Stored data entries
* * * *

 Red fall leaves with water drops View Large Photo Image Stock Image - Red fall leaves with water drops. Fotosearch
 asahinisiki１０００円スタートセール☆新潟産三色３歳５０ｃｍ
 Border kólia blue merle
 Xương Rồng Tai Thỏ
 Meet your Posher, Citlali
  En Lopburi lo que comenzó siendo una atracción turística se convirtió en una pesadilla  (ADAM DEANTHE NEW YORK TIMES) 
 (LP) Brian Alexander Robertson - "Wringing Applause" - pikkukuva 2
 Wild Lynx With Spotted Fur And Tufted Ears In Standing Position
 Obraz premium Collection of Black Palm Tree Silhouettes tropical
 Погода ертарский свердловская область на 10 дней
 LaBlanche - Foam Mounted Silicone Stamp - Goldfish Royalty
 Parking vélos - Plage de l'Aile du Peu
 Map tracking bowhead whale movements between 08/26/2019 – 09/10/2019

* * * *

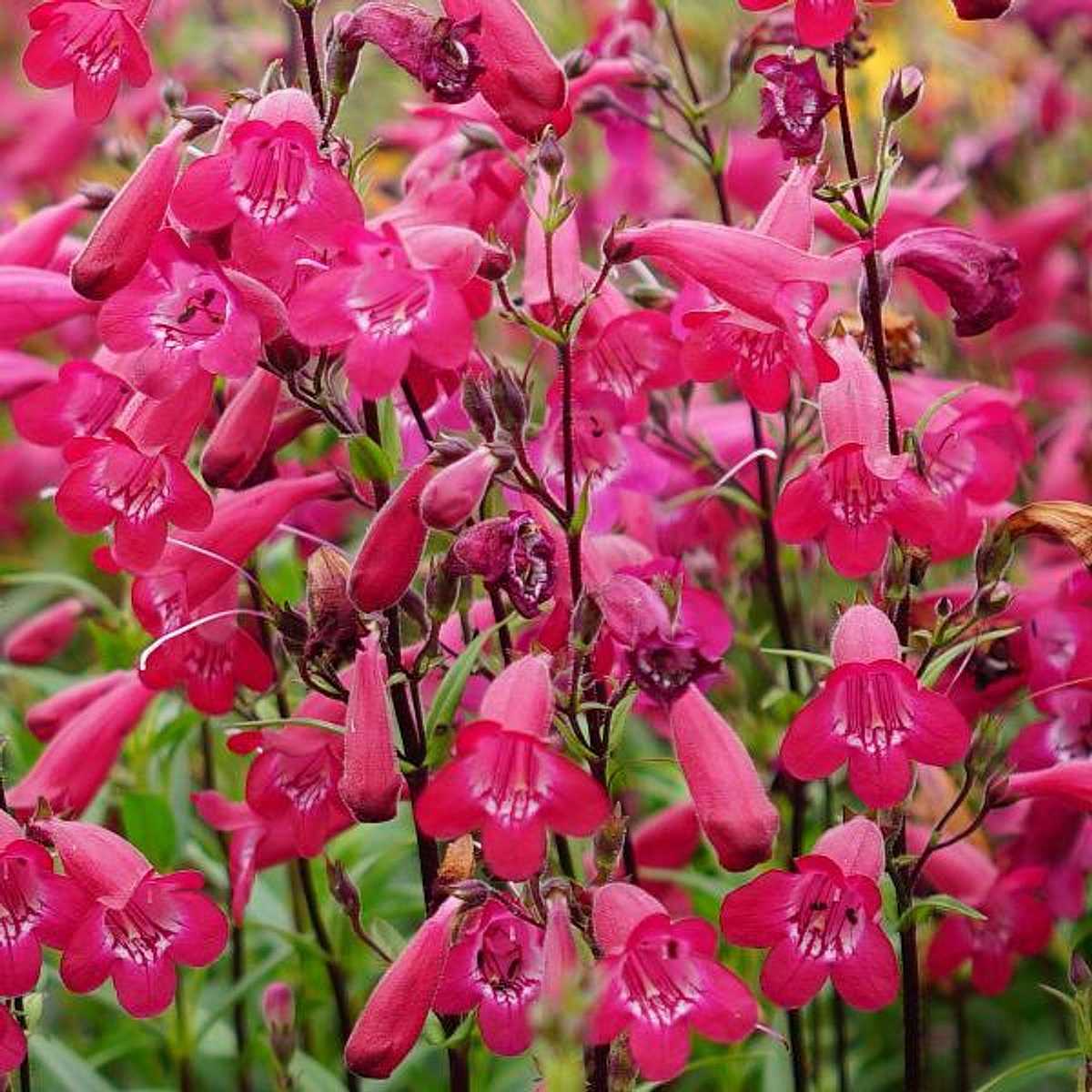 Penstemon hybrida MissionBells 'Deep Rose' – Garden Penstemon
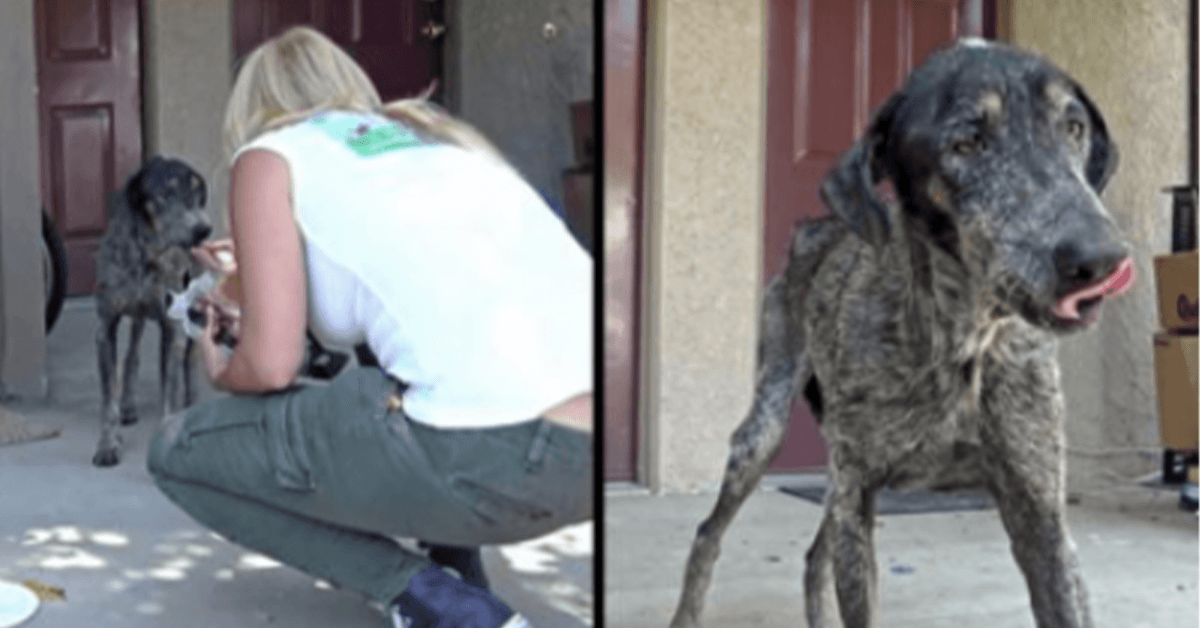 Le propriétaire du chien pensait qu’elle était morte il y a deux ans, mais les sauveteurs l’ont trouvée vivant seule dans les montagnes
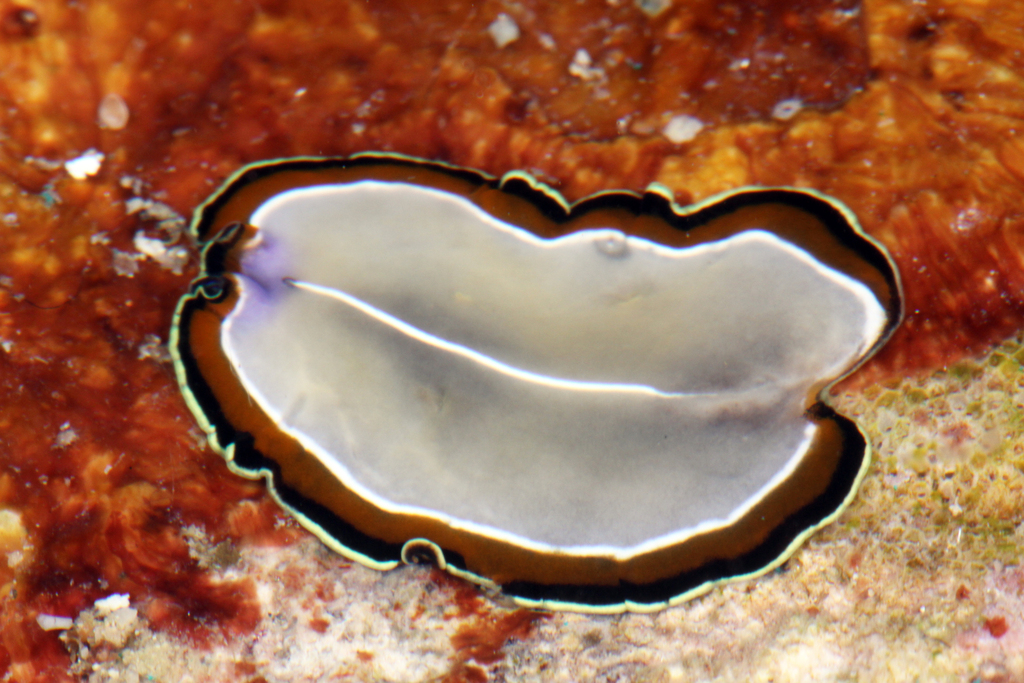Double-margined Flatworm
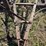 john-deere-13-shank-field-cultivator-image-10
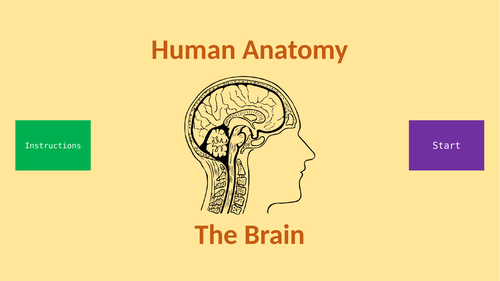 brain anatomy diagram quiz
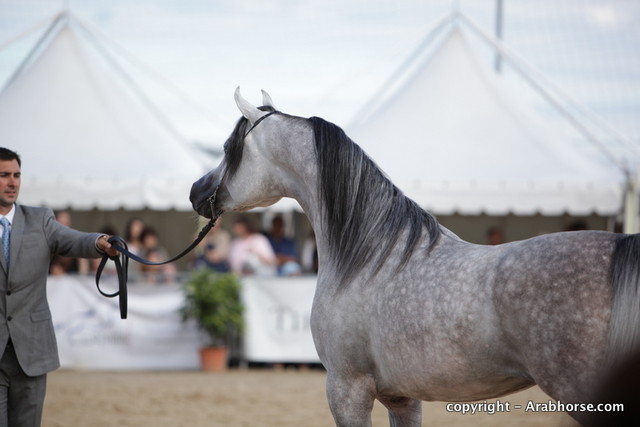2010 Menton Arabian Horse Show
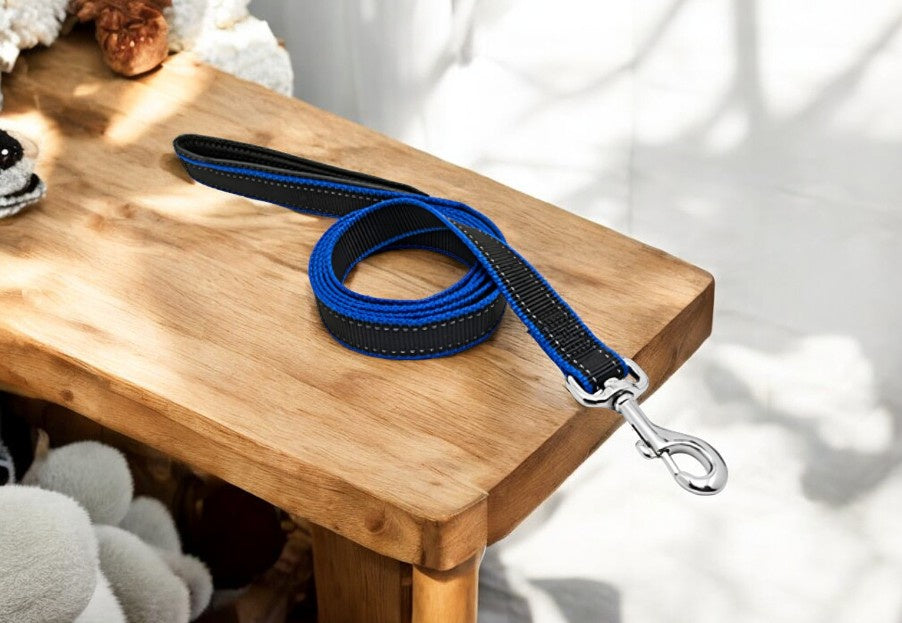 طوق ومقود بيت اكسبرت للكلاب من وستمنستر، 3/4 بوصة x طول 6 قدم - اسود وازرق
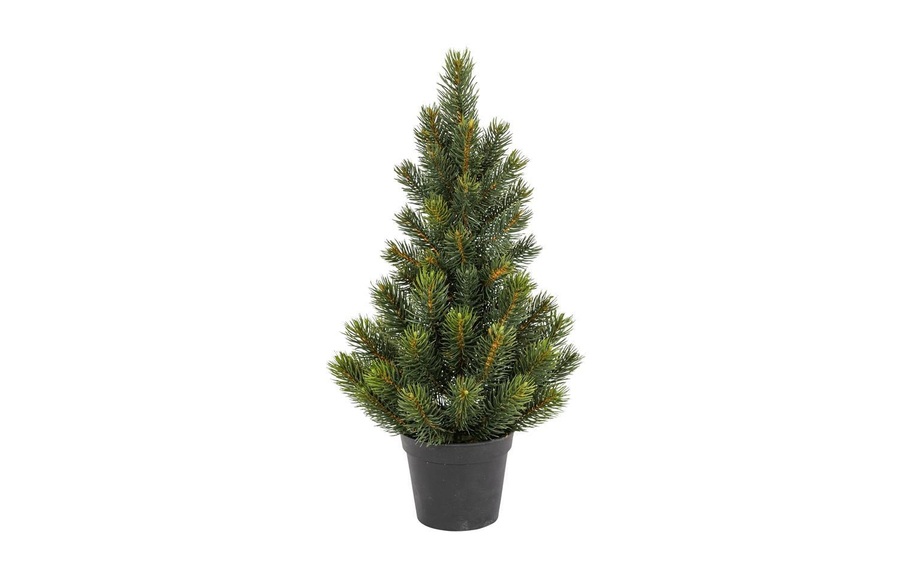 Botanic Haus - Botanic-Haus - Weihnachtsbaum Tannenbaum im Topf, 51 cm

* * * *

● **The problem**: All that is needed is the exact run of lines above from the line containing "Meet your Posher, Citlali" through the line containing "Parking vélos - Plage de l'Aile du Peu", both of them included.

● **Problem solution**:
 Meet your Posher, Citlali
  En Lopburi lo que comenzó siendo una atracción turística se convirtió en una pesadilla  (ADAM DEANTHE NEW YORK TIMES) 
 (LP) Brian Alexander Robertson - "Wringing Applause" - pikkukuva 2
 Wild Lynx With Spotted Fur And Tufted Ears In Standing Position
 Obraz premium Collection of Black Palm Tree Silhouettes tropical
 Погода ертарский свердловская область на 10 дней
 LaBlanche - Foam Mounted Silicone Stamp - Goldfish Royalty
 Parking vélos - Plage de l'Aile du Peu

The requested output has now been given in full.